You can change all packages to the latest version by specifying the -u option.

However, if there are many changes, it is recommended to upgrade each related package group and check its operation. Let's upgrade with granularity, for example, test packages, development packages, and runtime dependencies.

Don't forget to run npm i or yarn after the version change.

peerDependencies

Basically, dependencies should be the latest version, but they should satisfy peerDependencies too. This is used to specify the version of the package to work with, and the version of the main package that the plugin or other tool runs on.
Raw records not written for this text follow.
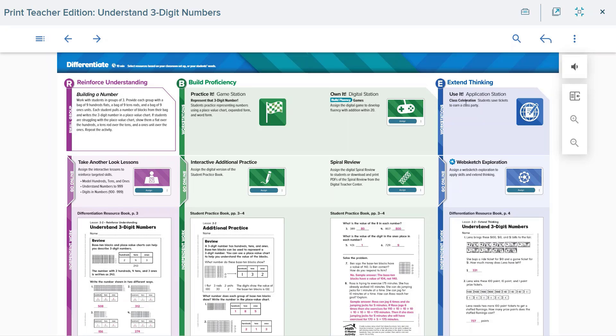And lastly, the application station provides three ways to extend thinking and apply the unit's content to either a STEM project, a cross-curricular activity, or real-world activity.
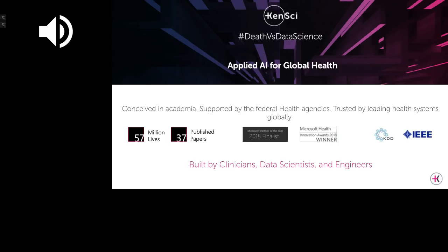A quick introduction about KenSci. KenSci was founded out of the University of Washington almost three years ago. It was conceived in academia, supported by grants and collaborations with several federal agencies, and is trusted today by leading healthcare systems globally, serving 57 million lives. We have extensively published in various leading journals and conferences in AI as well as the medical literature field, and won the Microsoft Innovation Award this year.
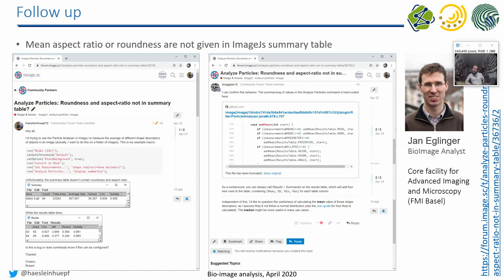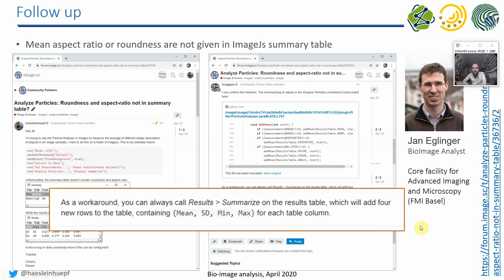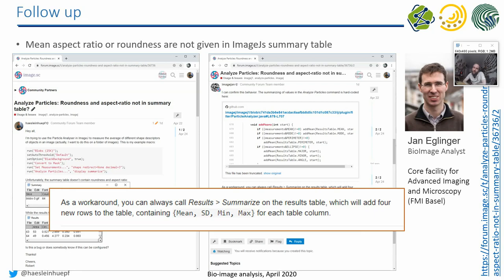I got an answer from ImageJan. So ImageJan is Jan Eklinger, a bio-image analyst from Basel. He was mentioning that yes, that's a problem. He's actually pointing us to the source code where the problem may be. And furthermore, he is pointing us to a workaround. So instead of using the summarize checkbox in the particle analyzer, you can get the normal results table and then summarize it yourself.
When upgrading to the latest version, such as npm-check-updates, make sure to upgrade both plugins and the main package at the same time. Also, if a violation of peerDependencies is found by npm i / yarn after the latest upgrade, drop the version.

Refraining from using dependent upgrade tools.

There are some things out there that will detect changes when a dependent package is upgraded and generate a pull request, but you should refrain from using them. It is inevitable that you will have to upgrade dependent packages in any phase, and the pull requests created by those tools will get in the way.

At the very least, you should be aware of the upgrade.

Summary

Think of this upgrade strategy as just one way of doing things. This is a fairly safe operation, such as fixing the direct dependency package version.

Also keep in mind that the circumstances are different when creating a library, not an application. This is because the intended user is completely different from the application.